Вернемся, однако, к «Черной весне». Во втором романе литературные и философские принципы Генри Миллера сформировались окончательно. Вот лучшие, по Миллеру, человеческие качества. Про первое и главное мы уже знаем: свобода плюс одиночество. Второе — бродяжничество, «уличный дух», без них свобода невозможна. Третье — «непохожесть»; по Миллеру, гораздо опаснее слиться с толпой, чем из нее выделиться. Когда-то он, Миллер, был таким, как все, однако теперь изменился, стал совсем другим: «L’homme que j’étais, je ne le suis pas»[53]. С четвертым качеством мы тоже уже знакомы — оптимизм, несмотря ни на что: «От всех бед одно средство — смех», «Улыбайся — и мир у твоих ног». Миллер убежден, что, какие бы несчастья ни случались, «все можно сыграть в тональности „до мажор“». К первым четырем качествам в «Черной весне» добавилась и мечтательность: «Я верю, что лишь мечтатель, не знающий страха ни перед жизнью, ни перед смертью, откроет эту неизмеримо малую йоту силы, которая швырнет космос кубарем…»

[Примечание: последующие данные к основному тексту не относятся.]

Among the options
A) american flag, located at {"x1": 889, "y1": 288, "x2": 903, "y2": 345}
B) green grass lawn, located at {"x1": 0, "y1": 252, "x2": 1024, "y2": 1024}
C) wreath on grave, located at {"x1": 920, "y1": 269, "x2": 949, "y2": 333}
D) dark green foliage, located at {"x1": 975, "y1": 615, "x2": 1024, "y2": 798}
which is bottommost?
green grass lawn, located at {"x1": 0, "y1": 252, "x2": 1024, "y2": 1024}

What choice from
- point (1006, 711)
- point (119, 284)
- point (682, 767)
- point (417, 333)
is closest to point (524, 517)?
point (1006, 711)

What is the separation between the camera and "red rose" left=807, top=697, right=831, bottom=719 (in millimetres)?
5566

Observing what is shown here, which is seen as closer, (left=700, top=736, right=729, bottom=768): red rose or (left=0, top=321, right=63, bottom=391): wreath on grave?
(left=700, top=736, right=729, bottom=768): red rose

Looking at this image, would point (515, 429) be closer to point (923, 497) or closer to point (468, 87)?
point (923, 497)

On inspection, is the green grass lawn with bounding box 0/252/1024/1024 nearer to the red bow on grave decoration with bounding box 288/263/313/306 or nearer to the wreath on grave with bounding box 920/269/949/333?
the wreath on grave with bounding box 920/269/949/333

Этот свободный, одинокий, ни на кого не похожий мечтатель-оригинал является центром мироздания; личное местоимение первого лица единственного числа — слово самое, пожалуй, употребительное и в «Черной весне», и в других, более поздних книгах Миллера. Автор почитает себя богом и дьяволом одновременно: «
И еще одна особенность «автогероя»: ему совершенно безразлично, что станется с миром: «Плевать, валится ли мир к свиньям собачьим или нет, не имеет значения, справедлив он или не справедлив». Ему не только наплевать, что мир «валится к свиньям собачьим», но — этот же мотив и в «Тропике Рака» — даже радостно, что мир болен: «Танец и горячка среди разложения!» Не потому ли — заметим в скобках — Миллер так несправедлив к миру, что и мир к нему равнодушен и несправедлив? Ведь прежде чем завоевать признание, Миллер несколько десятилетий принадлежал к числу тех безымянных авторов, что пишут, по существу, в стол, лишены своего читателя.

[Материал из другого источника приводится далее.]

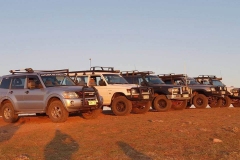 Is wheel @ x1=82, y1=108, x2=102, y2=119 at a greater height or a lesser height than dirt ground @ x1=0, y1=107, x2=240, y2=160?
greater

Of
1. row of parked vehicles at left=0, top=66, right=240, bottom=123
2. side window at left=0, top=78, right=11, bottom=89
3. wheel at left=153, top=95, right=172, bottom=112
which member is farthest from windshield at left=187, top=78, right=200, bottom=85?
side window at left=0, top=78, right=11, bottom=89

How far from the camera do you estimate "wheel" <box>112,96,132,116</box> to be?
16906 mm

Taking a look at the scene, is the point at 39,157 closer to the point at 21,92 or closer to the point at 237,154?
the point at 237,154

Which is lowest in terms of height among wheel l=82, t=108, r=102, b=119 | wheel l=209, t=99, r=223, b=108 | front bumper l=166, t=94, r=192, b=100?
wheel l=82, t=108, r=102, b=119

Для того же, чтобы не погибнуть в этом «безволосом мире, изжеванном в пульпу… холодном и мерцающем», нужно быть фаталистом, жить сегодняшним днем: «…так вести себя, как будто прошлое мертво, а будущее неосуществимо… как будто следующий шаг будет последним». Двигаться не к намеченной цели, а в никуда: «Нужно всегда двигаться к нигде не обозначенному месту». И не верить в грядущее счастье, ибо не бывает «даже относительного счастья».

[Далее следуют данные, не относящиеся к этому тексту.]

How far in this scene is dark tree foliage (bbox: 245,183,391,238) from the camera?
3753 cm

Мир «изжеван» и «холоден», мир мертв, и оживить его можно только одним способом — выразить его «нескончаемой метафорой», которая позволит читателю не только вести творческий диалог с автором, но и погрузиться в собственные фантазии, никак, очень может быть, с этой метафорой не связанные. Например, такой, и в самом деле нескончаемой: «Купол непристойной тоски, заполненной ангело-червяками, свисающими с провалившейся утробы неба». Или такой: «Кровава и дика ночь, изодрана и расцарапана ястребиными лапами…» Или: «Заледенелое время, как мертвяк, лежит на льду в целомудренном воротничке». Выражать мир следует метафорой, словно бы взрывающей (иногда в буквальном смысле слова, как в «Забриски-пойнт» Антониони) устоявшиеся литературные и жизненные нормы и представления, воспринимать же — как нечто неподвижное, неизменное, бессмысленное: «Больше ничего нет, ни проблем, ни истории, ничего… Все застыло».
Глава пятнадцатая
«И ТЕСНОЮ СИДЕЛИ МЫ ТОЛПОЙ», ИЛИ ШИРОКАЯ ИЗВЕСТНОСТЬ В УЗКИХ КРУГАХ
Мир, может, и застыл, но только не Миллер. После возвращения в Париж из Нью-Йорка, где он провел без малого год, Генри развивает фантастическую активность — и творческую, и деловую. Активность столь велика, что приходится вешать на входную дверь записку, как правило, не соответствующую действительности: «Меня не будет целый день. А возможно, и две недели». Были, впрочем, записки, действительности соответствующие, причем на двух языках, по-английски и по-французски. Английская — элегическая: «Коли не стучать не можете, стучите — но не раньше 11 утра». Французская — угрожающая: «Je n’aime pas qu’on m’emmerde quand je travaille»[54].